We tackled a piece of fast-breaking news last week about an officer-involved shooting in Greensboro with contradicting claims. Police said the man accidentally shot himself while running with a gun, but the guy with the bullet in him — along with a couple witnesses — said he was shot by the police.

In the absence of definitive proof — like, for instance, police body-camera footage of the event, which by state law the public is not allowed to see without a court order — and, if we’re being honest, because of a degree of general mistrust in law enforcement institutions, we checked it out.

Our investigation was unresolved, just a compilation of eyewitness accounts and information from the incident report, because that’s what journalism is.

In between the time we posted the story online and the day our weekly newspaper came out, Greensboro police released the body-camera footage of the incident, in which the suspect clearly admits to shooting himself by accident to an officer on the scene.

As the new information came in, we made an update to the original story, and created another post about the release of the footage with clips of everything to back it up.

There’s so much to glean from this.

For one, police can release body-camera footage pretty damn quickly when they want to. For another, it shows that body camera footage can exonerate the police , too. Either way, every single recorded minute of a police officer’s body-camera footage should be public record.

This, of course, would require a change in state law.

It also raises the question of whether we should have done this story at all.

Our answer: Absolutely. We were presented with conflicting stories of a police altercation in which a citizen took a bullet. Unable to verify what actually happened, we presented the facts we were able to uncover. Without our reporting, we believe the Greensboro police would never have released the video of this altercation. And it puts all local law enforcement agencies on notice that we will be aggressively reporting on them when we find something that doesn’t add up


  1. so what you’re trying to say is you got caught lying and decided to take one side of a story. this is not journalism, this was race baiting and anti police rhetoric. at no time in this article or others have you offered am apology or a well designed pat on the back to the officers who rendered aid.

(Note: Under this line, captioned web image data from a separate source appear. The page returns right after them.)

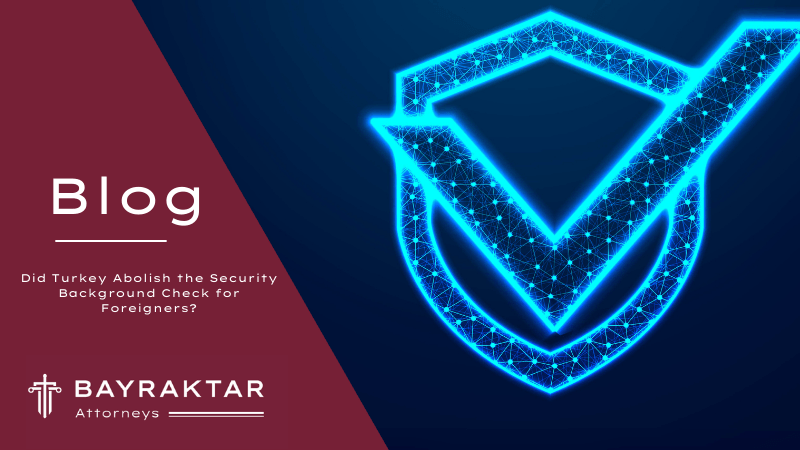 Turkey Security Background Check for Foreigners 2026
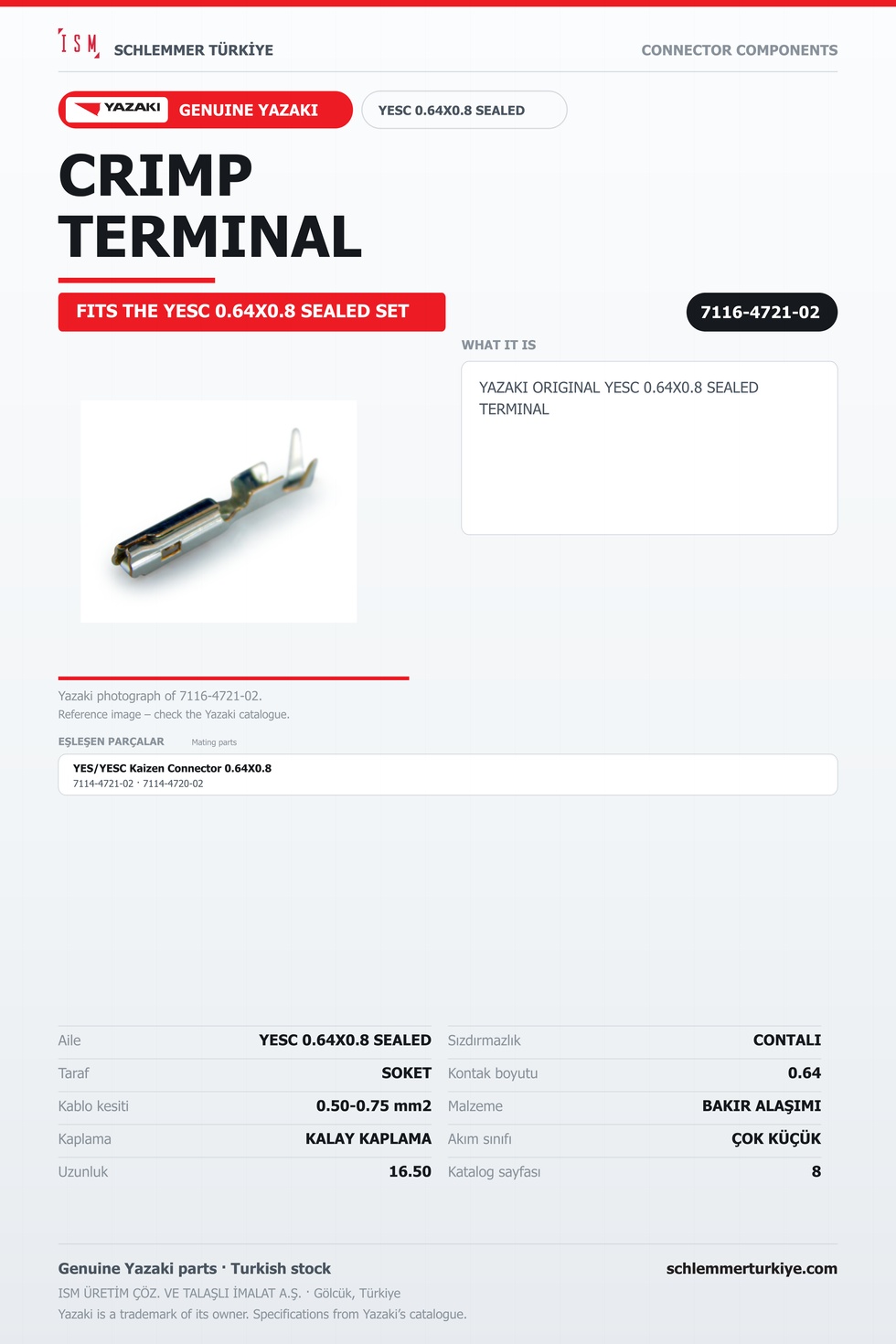ORİJİNAL YESC 0.64X0.8 SEALED TERMİNAL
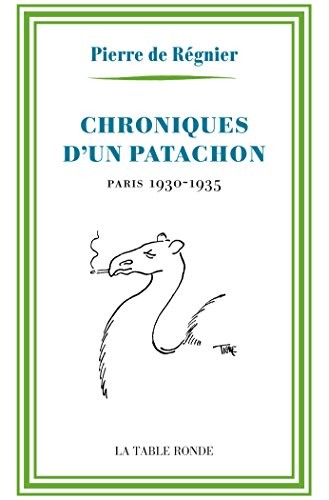 Chroniques d'un patachon: Paris, 1930-1935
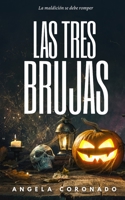 Las Tres Brujas B09BGPDZ8H Book Cover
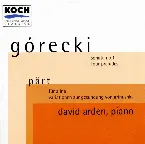 Pochette Górecki: Sonata no. 1 / Four Preludes / Pärt: Für Alina / Variationen zur Gesundung von Arinushka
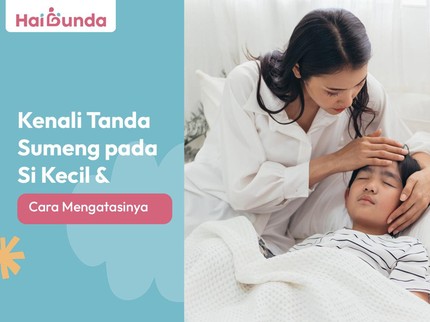 Kenali Tanda Sumeng pada Si Kecil & Cara Mengatasinya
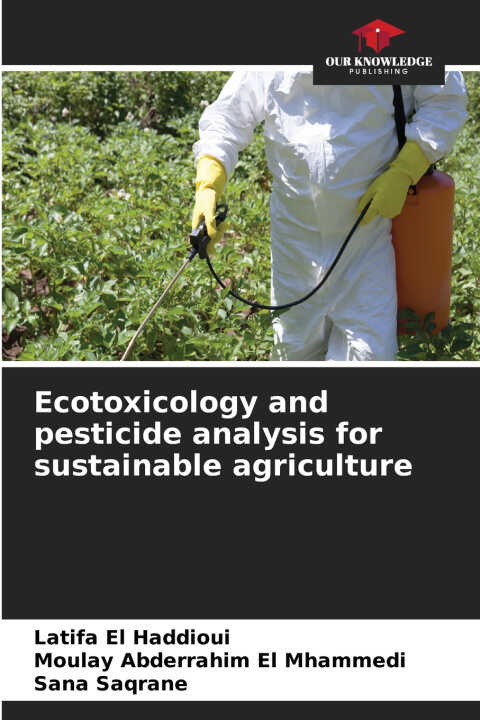Ecotoxicology and pesticide analysis for sustainable agriculture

    you still attempt to make a broad assertion about law enforcement and now turn this incident into body cameras and the need for them to be public record. you also make a disingenuous statement about public mistrust about law enforcement. you don’t state who in the public has a mistrust, which in fact it is only a small fraction of the country.

    the assertion about everything in a body camera should be available to the public, is absurd to say the least. officers deal with a gambit of calls from simple disagreements to death. some of these include juveniles and victims of horrific crimes.

    would anyone like to see your child who was a victim or witness of a crime on television? how about rape victims, do you think they want their horrific incident available for all to see? what about medical calls? there is a federal law called hippa, look it up.

    again, this rag of a publication gets spanked about it’s one sided reporting and now you attempt to place the blame on police for your piss poor “journalism”. i would have seily taken a breath before to published this tripe.